Quelles sont les principales pistes suivies par le gouvernement en matière de financement de l'innovation ?
Ce qui aujourd’hui fait la différence, c’est l’innovation, la capacité de créer des produits et des services nouveaux. Accroître l’effort R&D de nos entreprises est un enjeu considérable, tout particulièrement pour les PME indépendantes, qui ne réalisent que 12 % des dépenses privées de R&D. Pour y parvenir, le gouvernement a décidé un certain nombre d’évolutions profondes de notre dispositif.
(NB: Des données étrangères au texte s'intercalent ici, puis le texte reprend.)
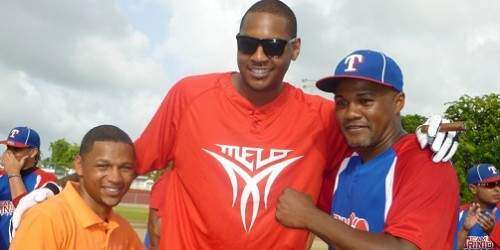 Contento el Knick ‘Melo’ Anthony con juego benéfico de softball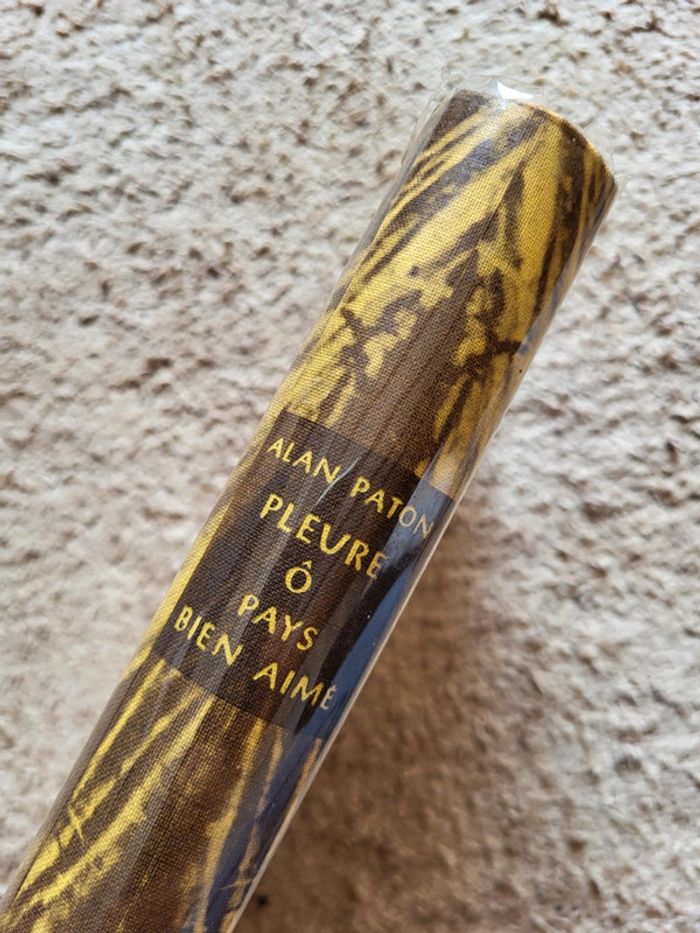 Pleure, ô pays bien-aimé d'Alan Paton - Club du Livre Religieux, exemplaire numéroté - photo numéro 2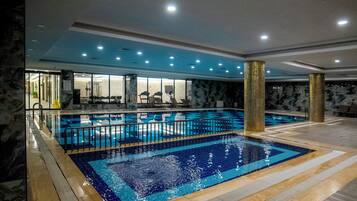 Piscine extérieure (ouverte en saison)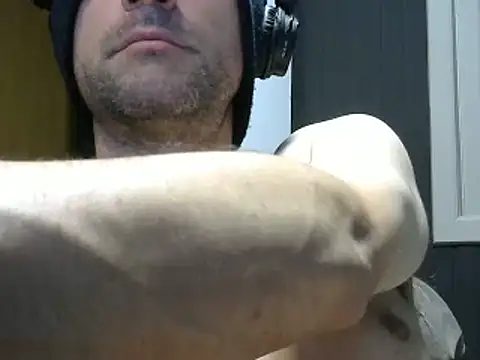 gauchors20 online show from December 2024 02:25:01 AM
Tout d’abord, le crédit d’impôt recherche va être amplifié, simplifié et sécurisé. D’ici 2012, ce crédit d’impôt sera triplé pour atteindre 2,7 milliards d’euros par an. Pour simplifier les dispositifs d’aides directes aux entreprises et accroître le soutien aux entreprises moyennes, Oseo et l’Agence de l’innovation industrielle sont regroupées. Il nous faut également encourager les collaborations entre recherche publique et entreprises, notamment les PME. C’est un des objectifs des pôles de compétitivité, qui rencontrent un grand succès. Il faut veiller à conforter la place des PME, qui y sont déjà très actives, et reçoivent un tiers des aides du Fonds Unique Interministériel. S’agissant de la propriété industrielle, élément-clé de la stratégie de développement des entreprises, notamment à l’international, nous allons mettre en place un dispositif complet pour faciliter le dépôt de brevets par les PME. Dans le même temps, la lutte contre la contrefaçon sera renforcée, avec un dispositif législatif qui permettra de mieux protéger les entreprises françaises contre ce phénomène assimilable à de la piraterie.